Appellant’s witness W. T. Bresnehan testified that he was connected with John W. Hall & Co. in the packing house brokerage business; that he had been with that company for 20 years; that he was in charge of the sales of edible and inedible tallow for that company; that edible and inedible tallow are rendered beef or mutton fats; that he-sold edible tallow to shortening manufacturers, and inedible tallow to soap and lubricating manufacturers; that he sold such products throughout the United States and Canada; and that he never sold unrendered beef or mutton fats either as edible or inedible tallow. On cross-examination he stated that when he was young he used to work in a butcher shop, at which time he sold “raw” fat as “shop scrap and bones”; that he knew that butchers sell their entire output of un~ rendered fats; that such unrendered fats are sold in enormous quantities; that he did not know under what name they were sold; and that he would not consider them tallow, because people to whom his concern sold tallow could not use raw fats.

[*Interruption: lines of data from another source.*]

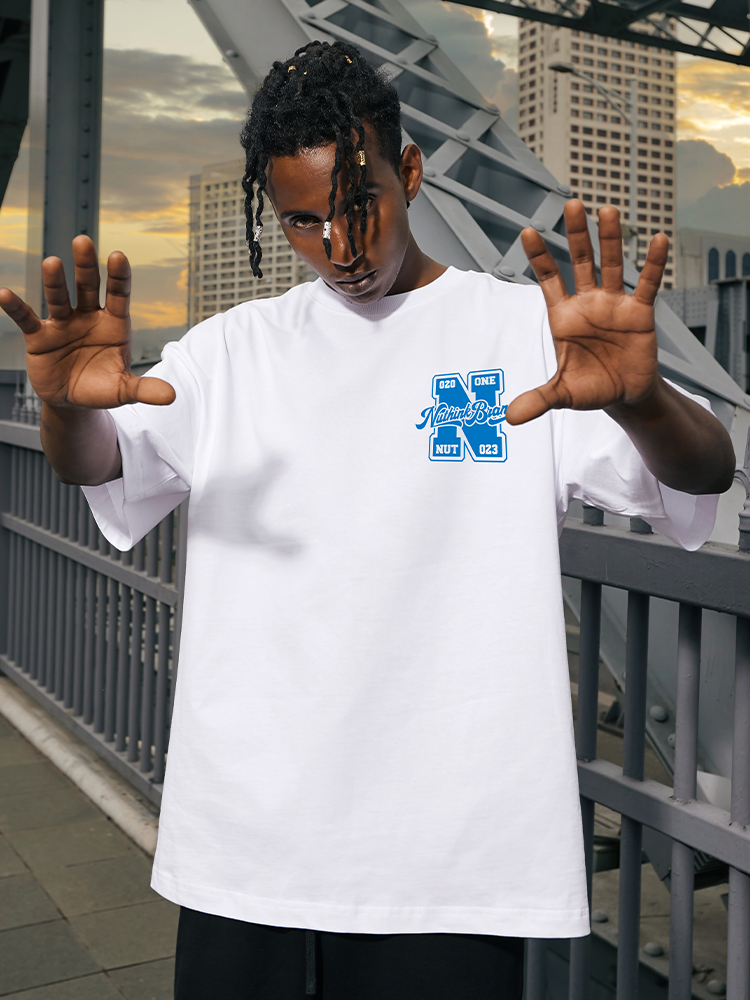 Men's Oversized Short-Sleeve T-Shirt in American Street Style, Plus Size, Summer Fashion, Casual Urban Look Men's Oversized Short-Sleeve T-Shirt in American Street Style, Plus Size, Summer Fashion, Casual Urban Look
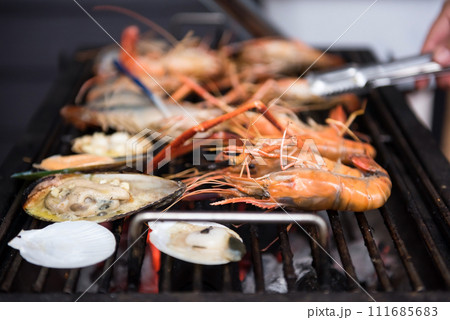 seafood barbecue on pan grilled by chacoal fire. Family bbq party seafood barbecue on pan grilled by chacoal fire. Family bbq party 111685683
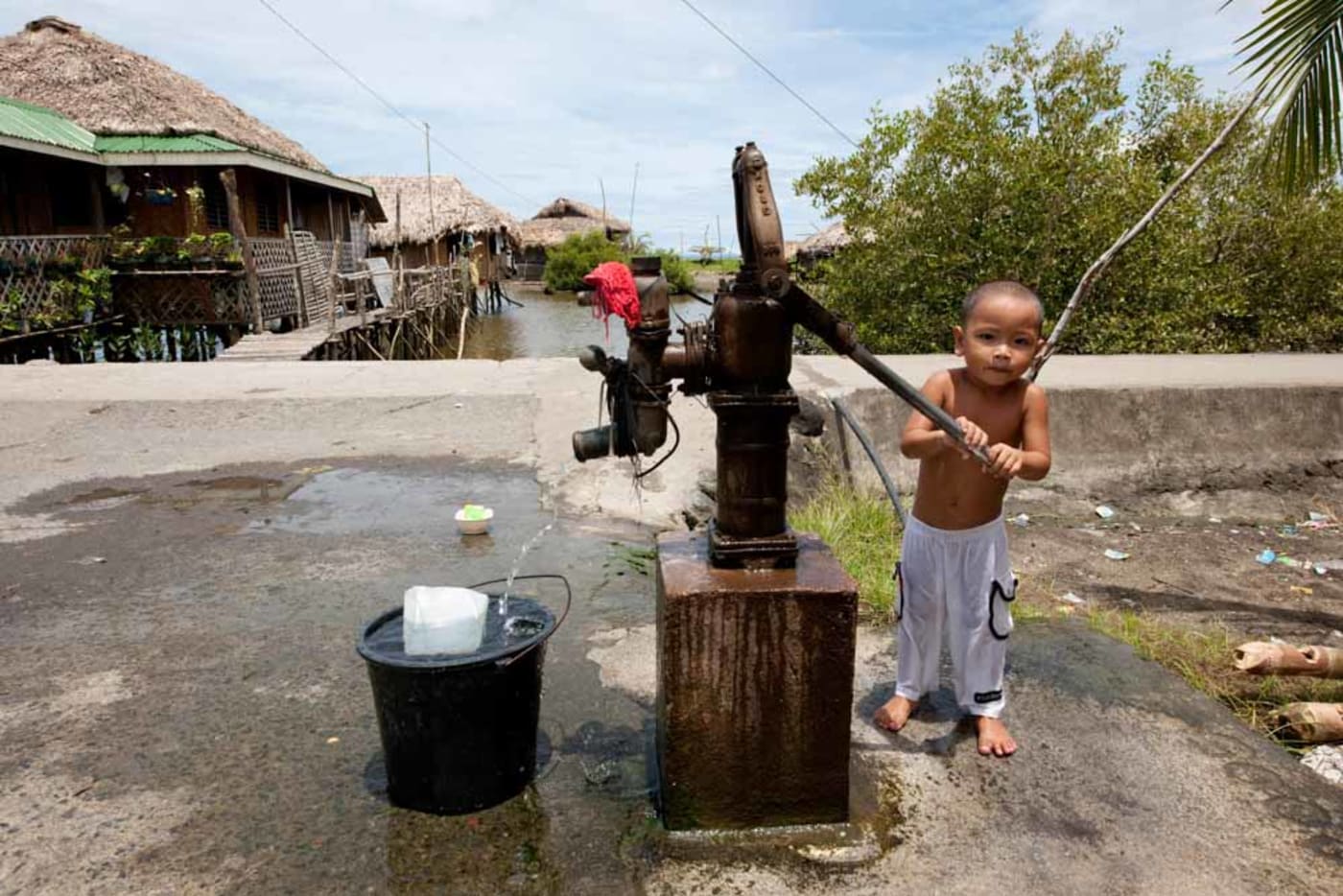 A little boy pumping out water for his bath in Donsol Sorsogon, Bicol, Philippines, May 2009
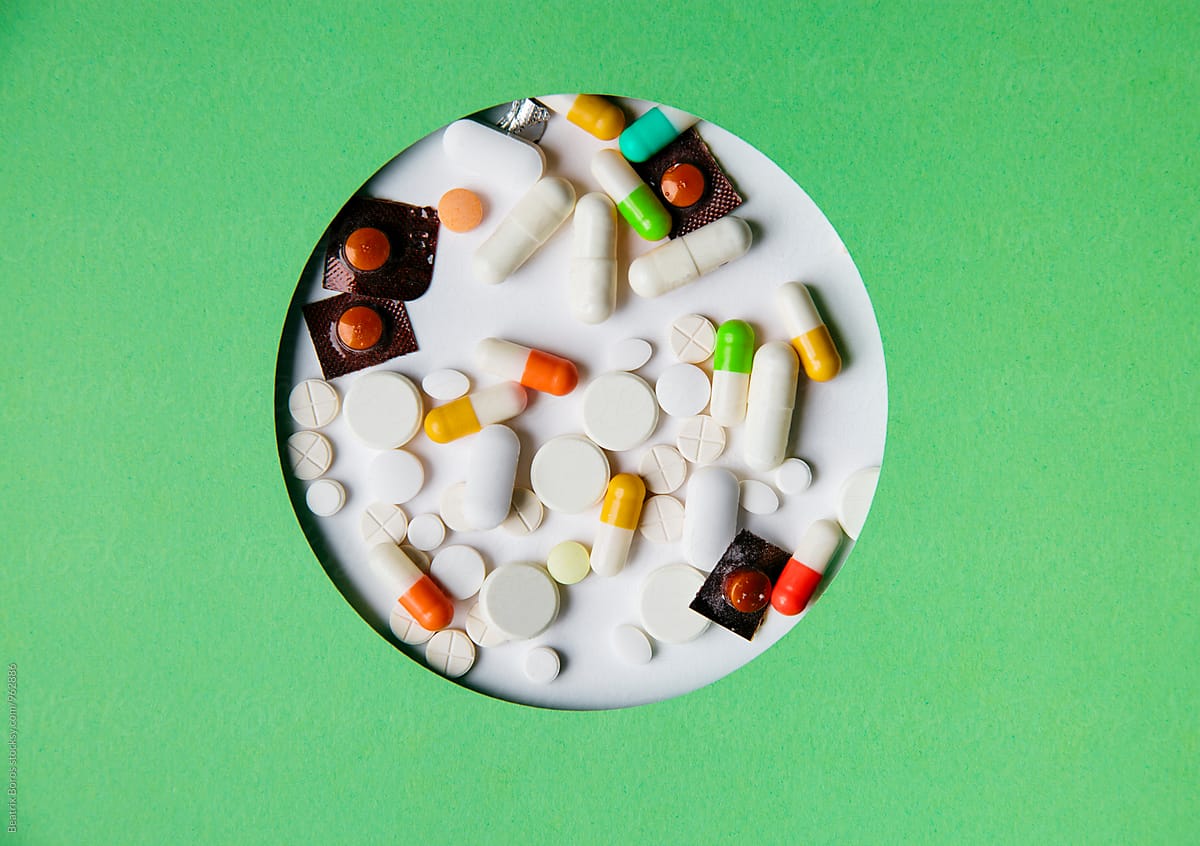 Capsules, pills and medicines in a circular shape with green surface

Alfred Henry Goedert, a witness for appellant, testified that he was manager of the Jones Chambliss Co., engaged in the packing-house business; that he had been with that company for about 30 years; that, at the time of the taking of his testimony, his company was producing grease; that for many years his company also produced and sold tallow under his supervision, most of the sales being made in Cincinnati, some in Philadelphia, and some in Newark, N. J. When asked what he meant by the word “tallow,” he said that tallow is *176rendered fat. The witness further stated that he had never seen or heard of unrendered fats being traded in as “tallow,” and that all the tallow he had sold consisted of rendered fats. On cross-examination he stated that although his company had bought unrendered fats, he personally had never bought them.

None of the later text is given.